Lawmakers on Tuesday said the Government Operations and Audit Committee should issue the subpoenas to seek answers regarding allegations of financial misconduct at the Governor's Office of Economic Development.

"The state legislature has a responsibility to the taxpayers to hold the executive branch accountable as part of our democratic system of checks and balances," Rep. Bernie Hunhoff said from prepared remarks at a press event.

A state audit found that before Richard Benda left his job as head of economic development in 2010, he tacked on an extra $550,000 to a grant agreement to help the struggling Northern Beef Packers plant in Aberdeen. A report from Attorney General Marty Jackley showed the same amount was improperly diverted to SDRC Inc., Benda's new employer.

SDRC, managed by businessman Joop Bollen, administered the EB-5 visa program in the state, which allows people to seek U.S. residency if they invest at least $500,000 in approved projects. The failed Northern Beef Packers plant in Aberdeen was funded in part through that program and was also the project through which Benda arranged the transfer.

Hunhoff said the Democratic lawmakers hope that mounting pressure from newspaper editorials and the public lead the committee to force Rounds and Daugaard to explain "what they know and when they knew it" regarding the program.

Hunhoff and others said Daugaard, Rounds and Bollen must explain where the $550,000 in question is, whether Benda was working alone when the money was diverted and what they categorized as finger-pointing between the Rounds and Daugaard administrations.

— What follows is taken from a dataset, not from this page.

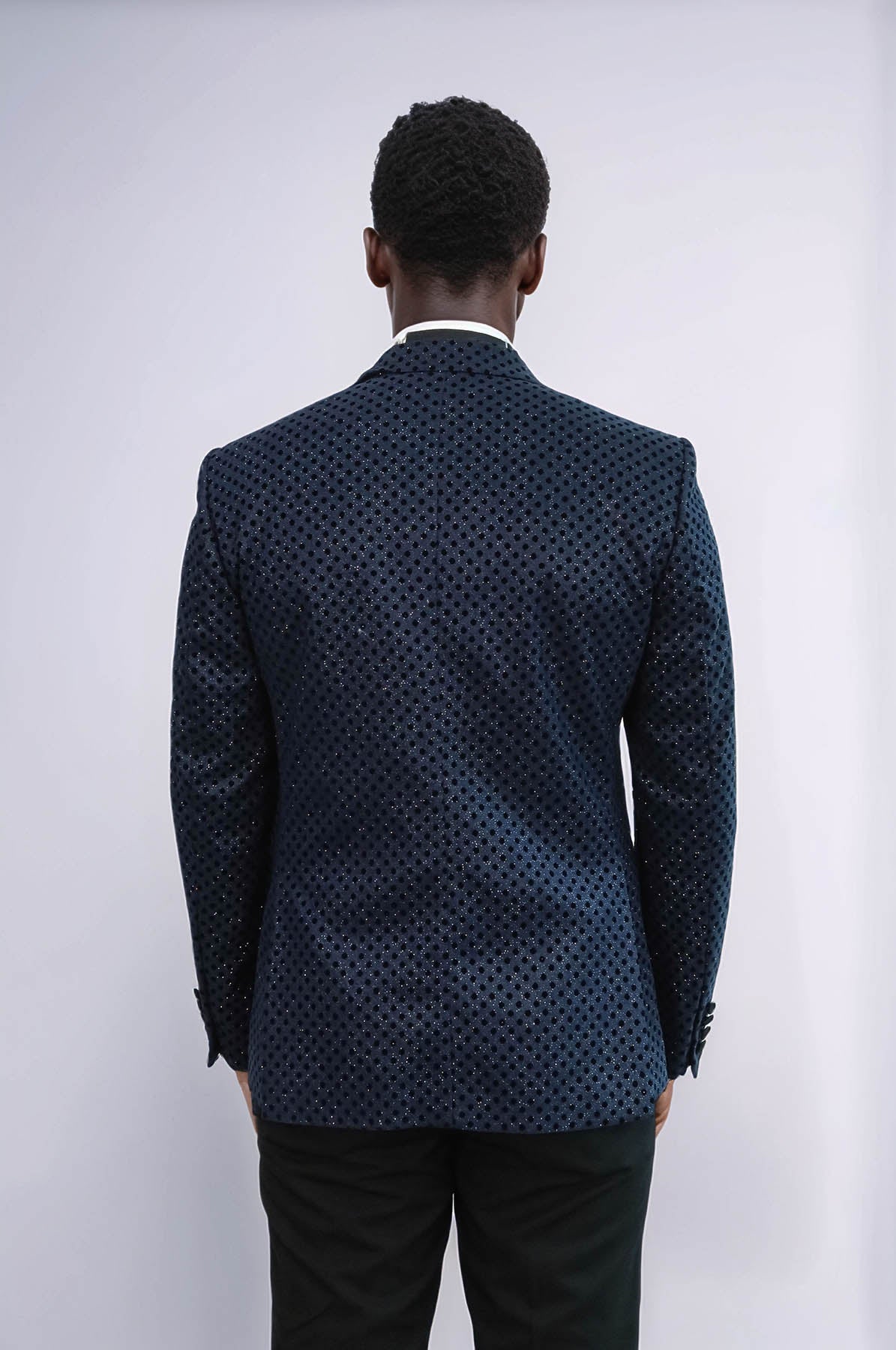 Sequin Dot Patterned Navy Blue Men Prom Blazer - Wessi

"The governor is also frustrated that we cannot learn more about what state and federal investigators have found involving the EB-5 program, but he understands that is how the process works," Tony Venhuizen, Daugaard's spokesman, said in a statement.

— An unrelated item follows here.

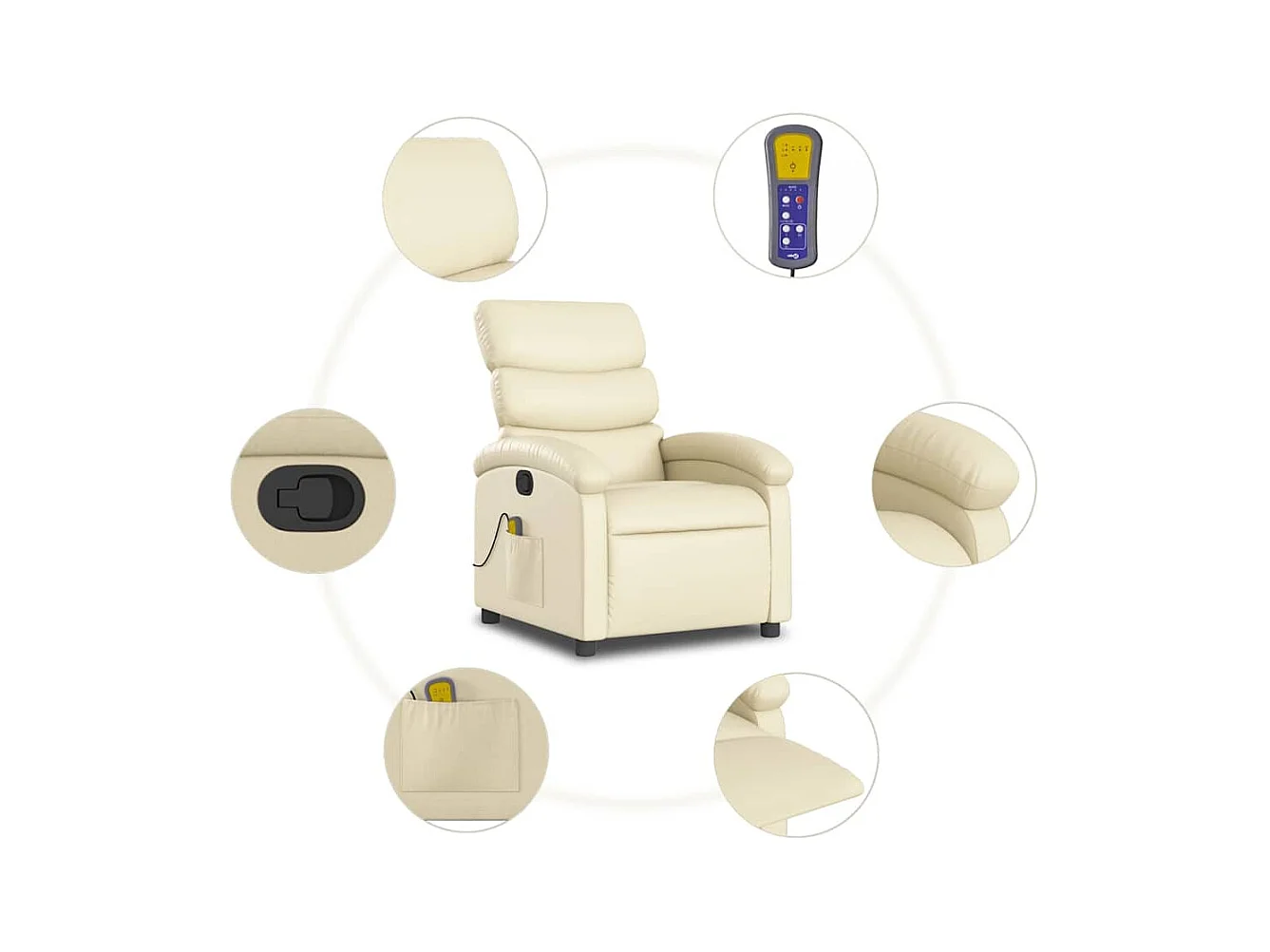 Fauteuil inclinable de massage Crème Similicuir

Venhuizen said that although Jackley may have learned more information about the fate of the $550,000, "state officials do not know what happened to those funds once they were received" by Northern Beef.

A spokesman for Rounds said the former governor "has fully cooperated with the state's investigation and he will continue to do so."

Daugaard and Rounds are Republican. Daugaard is running for re-election in November and Rounds is seeking a U.S. Senate seat.

The Democratic lawmakers on Tuesday asked for a subpoena against Bollen. In July, lawmakers on the committee rejected a motion by member Democratic Rep. Susan Wismer to subpoena Bollen. The Governor's Office of Economic Development ended its contract with SDRC in September.

Bollen could not be reached Tuesday.

Jackley last month said he was ready to file felony theft charges and seek an indictment against Benda days before he committed suicide last fall.

A draft of the complaint against Benda showed that Jackley would have charged Benda with three alternate felony counts alleging he illegally obtained $550,000 in economic development money intended for the Northern Beef Packers plant and double-billing the state $5,559.80 for three flights to China and Las Vegas.